Parasitic resistance, capacitance, and inductance are key elements that can impact signal quality when designing integrated circuits at advanced nodes such as 3nm. Parasitic resistance can lead to voltage drops and affect timing, while parasitic capacitance can create signal noise and low-frequency oscillations that compromise signal fidelity. Similarly, parasitic inductance can induce voltage spikes and ringing that distort signals. Managing these parasitic elements is crucial to ensure reliable data transmission in advanced integrated circuits. After taking these parasitics into consideration in simulation, if the circuit no longer meets specifications, then the layout engineer must reduce the parasitics, such as by widening the wires to reduce parasitic resistance, moving wires away from each other when there is too much coupling capacitance, and putting ground return paths near signal nets to reduce inductance.

Power integrity

Parasitic capacitance and resistance can significantly impact power integrity. These parasitics can cause voltage fluctuations when large currents flow through the circuit and can result in power integrity issues such as voltage (IR) drop. To address these issues, designers use static and dynamic IR drop analysis to identify problematic areas and devise solutions to improve power distribution. Techniques to reduce IR drop include designing wider power planes and using more power pins for better distribution. Ensuring good power integrity is essential for optimal circuit performance and reliable operation.

Electromigration

Electromigration (EM) is the migration of metal atoms in a conductor caused by the flow of electrons (Figure 5). As the atoms move, they create voids and hillocks, which can eventually lead to a fault in the device. High current density is one of the key factors leading to EM. When too much current moves through a narrow passage with high resistance, EM occurs. Over time, EM causes chip failures by creating hillocks, which cause a short to the neighboring wire, or voids, which cause an open in the circuit.

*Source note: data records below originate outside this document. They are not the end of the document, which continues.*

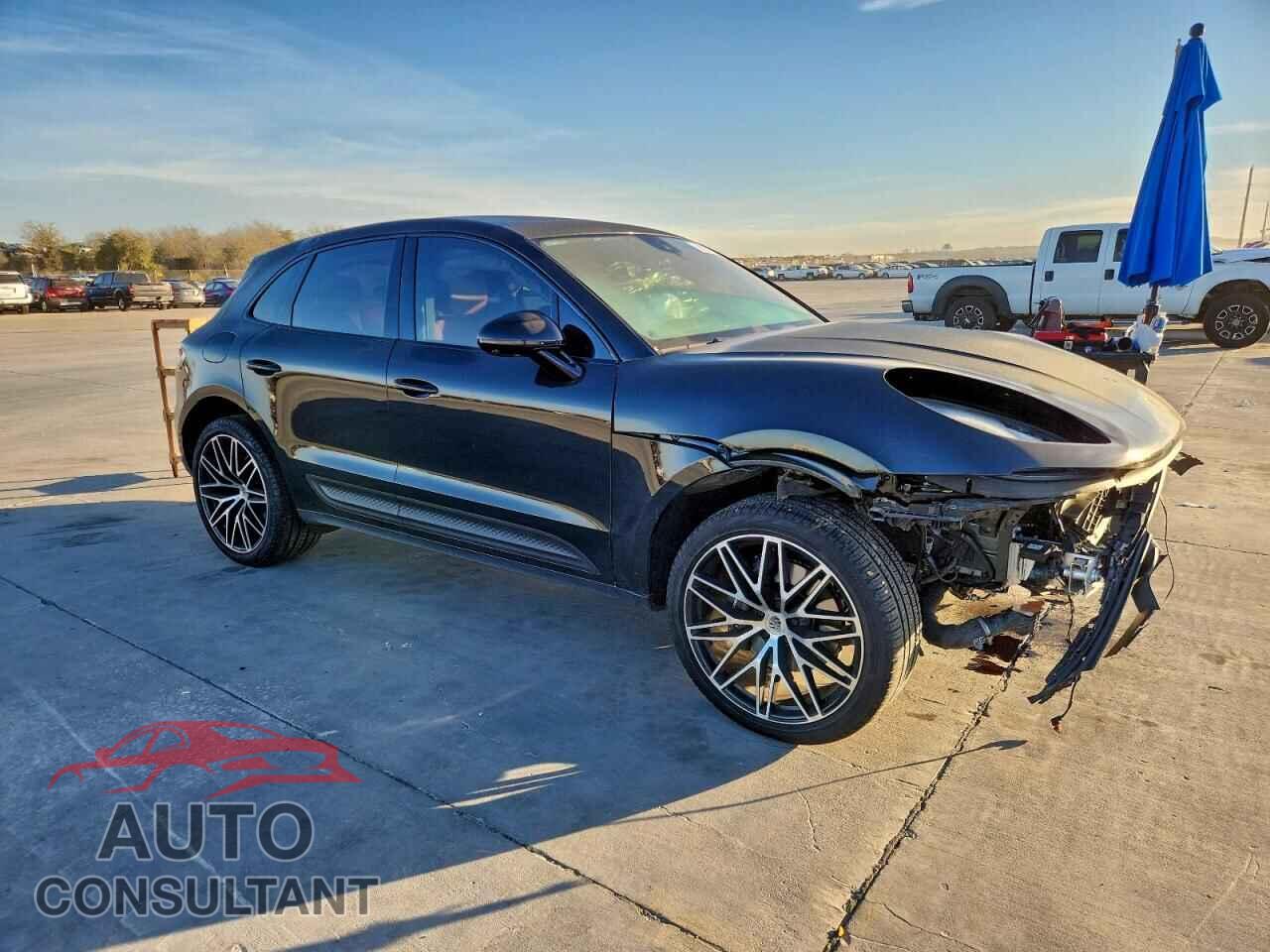 PORSCHE MACAN 2024 - WP1AA2A50RLB20351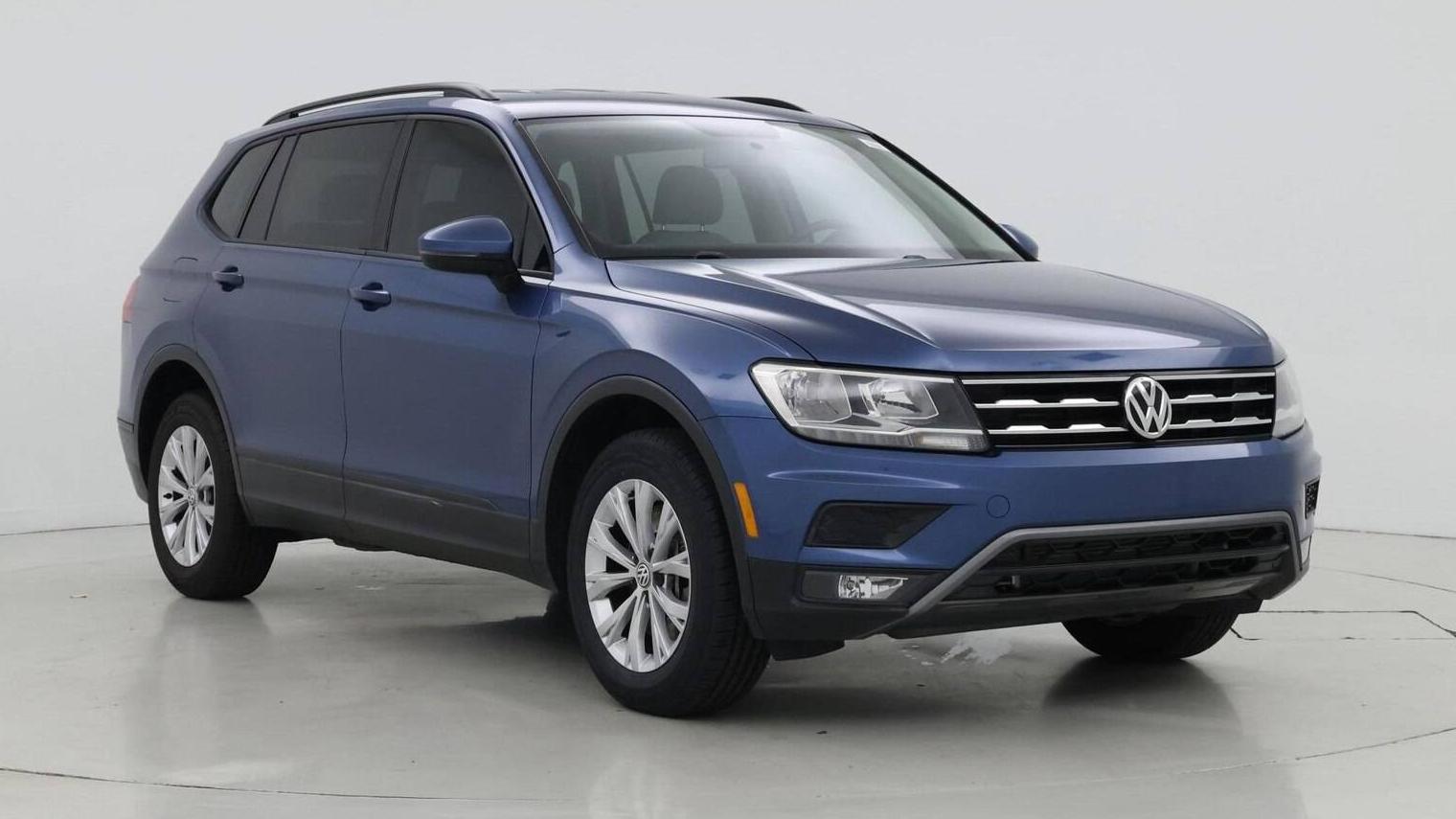 VOLKSWAGEN TIGUAN 2018 3VV1B7AX1JM021412 image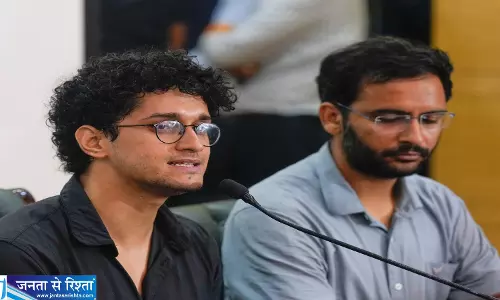 कॉकरोच टिप्पणी विवाद में सौरव दास का पलटवार मंत्री पर कसा तंज कॉकरोच टिप्पणी विवाद में सौरव दास का पलटवार मंत्री पर कसा तंज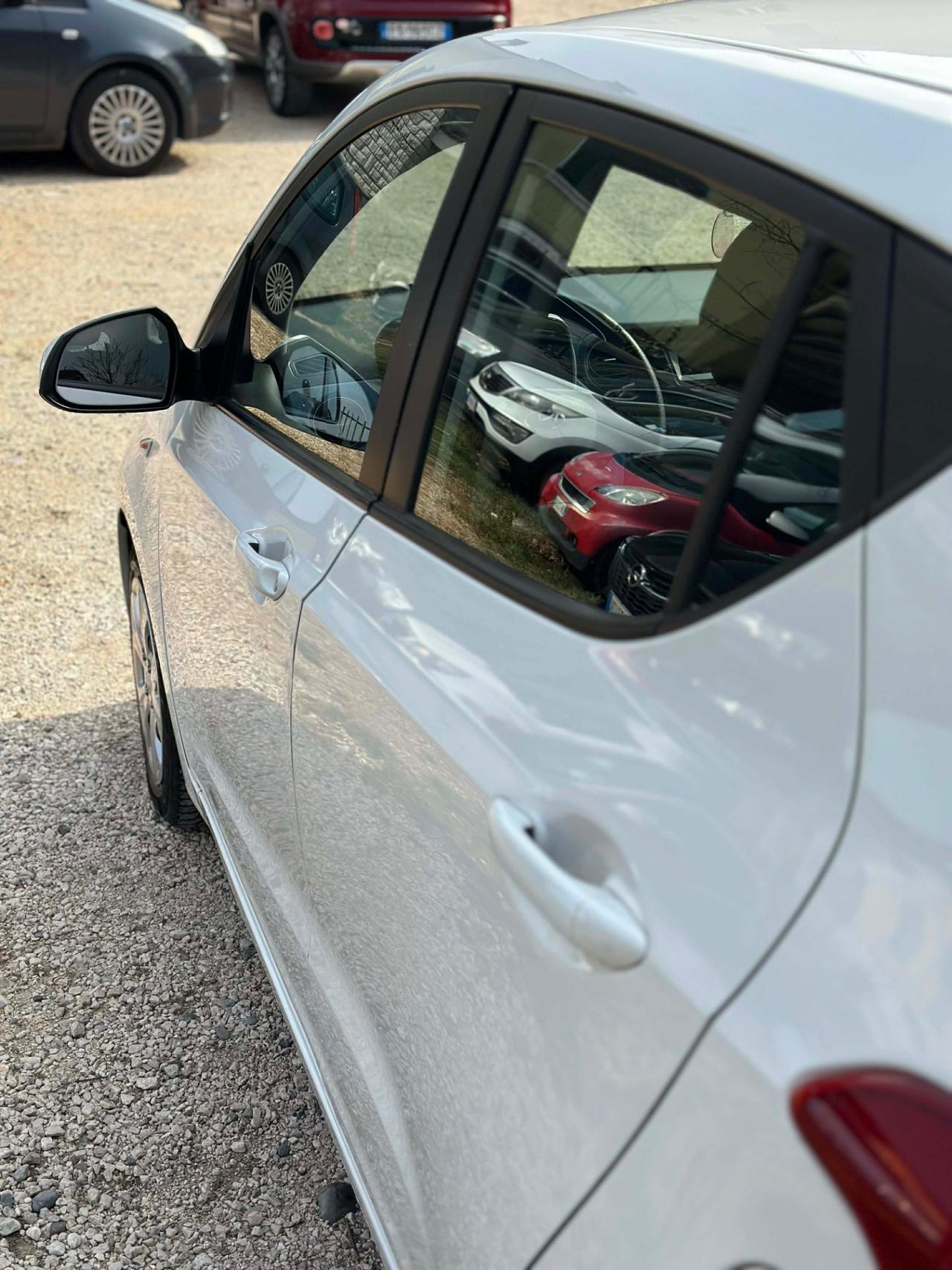 Hyundai i10 1.0 LPGI GPL ECONEXT NEOPAT KMCERT GARANZ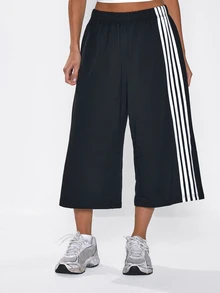 Musera Petite Stripe Side Elasticated Waist Sweatpant Jorts Active Petite Daily Active Gym Workout Fall Autumn Winter Pilates - Black - View 3
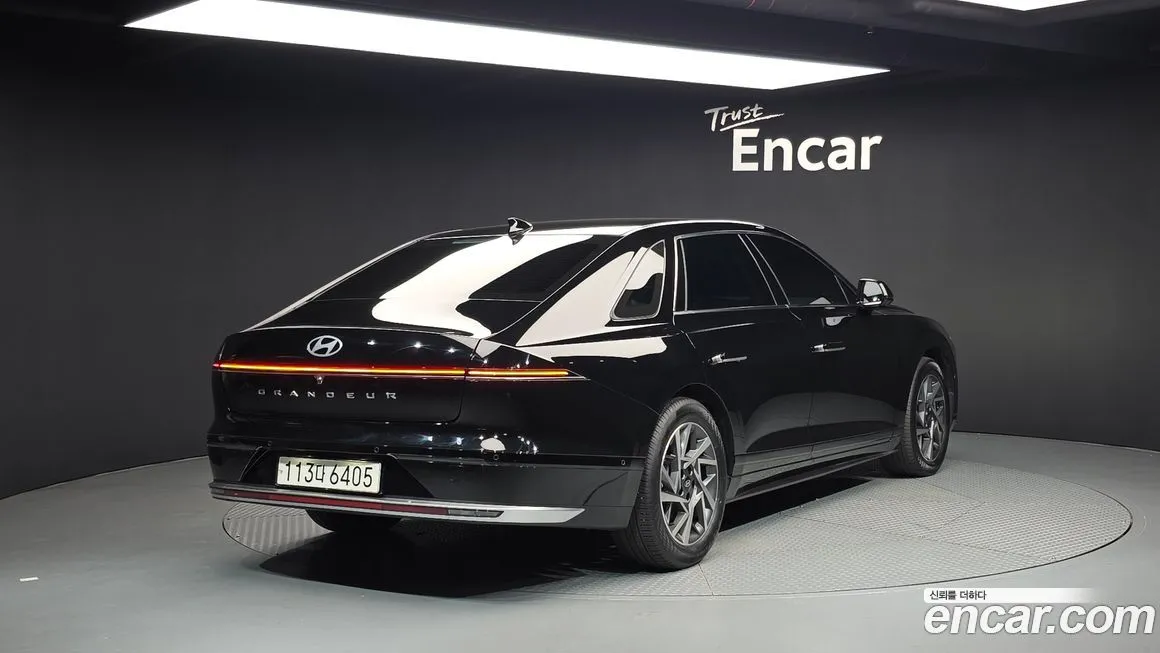 Hyundai Grandeur 2023 из KR, фото 2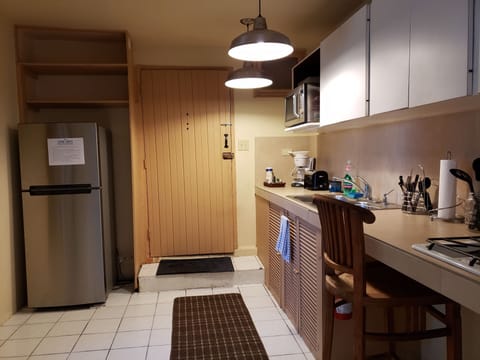 Deluxe Apartment, 1 Queen Bed with Sofa bed, Harbor View, Slope side, Apt#2 | Private kitchen | Full-size fridge, microwave, oven, stovetop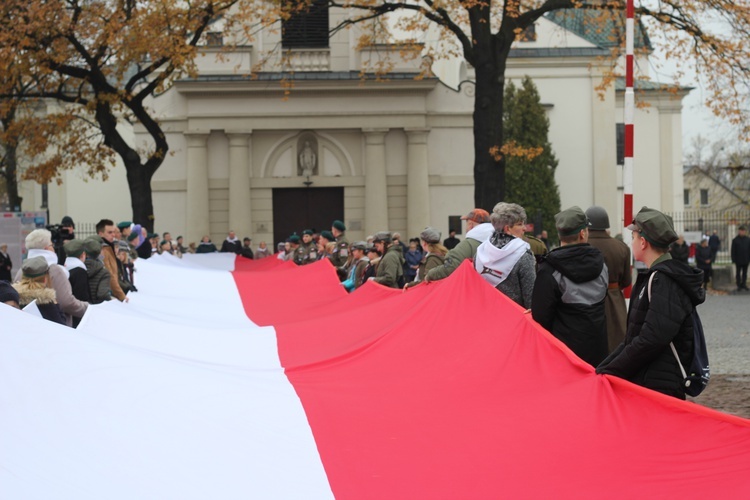 Uroczystości ku czci św. Wiktorii w Łowiczu - procesja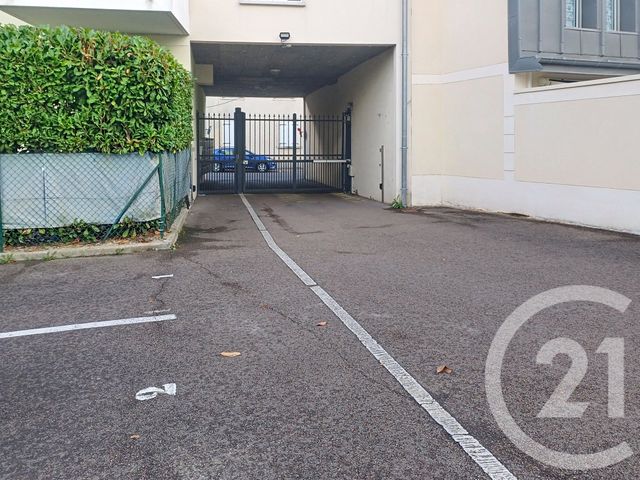 parking à louer - 12.0 m2 - PROVINS - 77 - ILE-DE-FRANCE - Century 21 Martinot Immobilier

Figure 5. Hillock and void caused by electromigration

Figure 5. Hillock and void caused by electromigration

Accurate measurement of parasitic resistance is essential to obtaining an accurate current density. If there are current density violations, designers must widen the wires to reduce the current density until that segment no longer violates current density rules.

FinFET and GAAFET architectures

Metal-oxide-semiconductor field-effect transistors (MOSFETs) with a planar gate topology effectively controlled FET channels down to approximately 25nm channel length [10]. However, as transistors continued to scale downwards, short channel effects (SCEs) started to significantly weaken the planar gate control over the channel. These SCEs are undesirable changes in short-channel FET behavior that result in increased leakage currents with further gate length (Lg) scaling in each generation.

Transistor architectures currently used in advanced process nodes include finFETs and GAAFETs. Critical parasitics challenges of these architectures are related to the 3D nature of finFETs and GAAFETs, and the small distances between the device and all its local interconnect layers.

FinFETs

FinFETs have a double or triple gate that wraps around a vertical channel resembling a fin (Figure 6). FinFETS offer strong channel control at small channel lengths, but they still suffer from SCEs at extremely scaled process features like tiny gate lengths or very tall fin profiles.

Figure 6. FinFET transistor. (source: GlobalFoundries. Used by permission)

Figure 6. FinFET transistor. (source: GlobalFoundries. Used by permission)

GAAFETs

Rather than attempting to further scale finFET processes, the semiconductor industry adopted nanosheet GAAFET architectures. Nanosheet GAAFETs have vertically stacked horizontal channels that allow for larger effective channel widths than finFETs without any increase in the 2D footprint (Figure 7). The ability to add nanosheets vertically to achieve larger effective channel widths with GAAFETs allows designers to place ‘wider’ transistors that drive larger currents without expanding 2D space, increasing transistor density. GAAFET gates also fully wrap around the channels, allowing for superior control over SCEs compared to finFET tri-gates. This new architecture is already in production in 3 nm nodes.

Figure 7. Gate-all-around nanosheet FET with triple stacked nanosheet configuration

Figure 7. Gate-all-around nanosheet FET with triple stacked nanosheet configuration

These devices have an infinite number of possible FET cell configurations with slightly varying source/drain and gate-via locations. Vias can be placed on the source and drain, on the active gates, or on the gate material outside the active gate area. Each via placement and geometry variation can significantly affect the coupling capacitance effects on the 3D transistor. Rule-based tools using pattern matching cannot capture all the possible via placement variations in 3D devices with multiple complex geometries in close proximity to each other. To accurately extract parasitic capacitance interactions around finFET and GAAFET transistors, a field solver is required . Field solvers are geometry-agnostic, enabling them to perform accurate PEX around finFET and GAAFET devices regardless of the layout.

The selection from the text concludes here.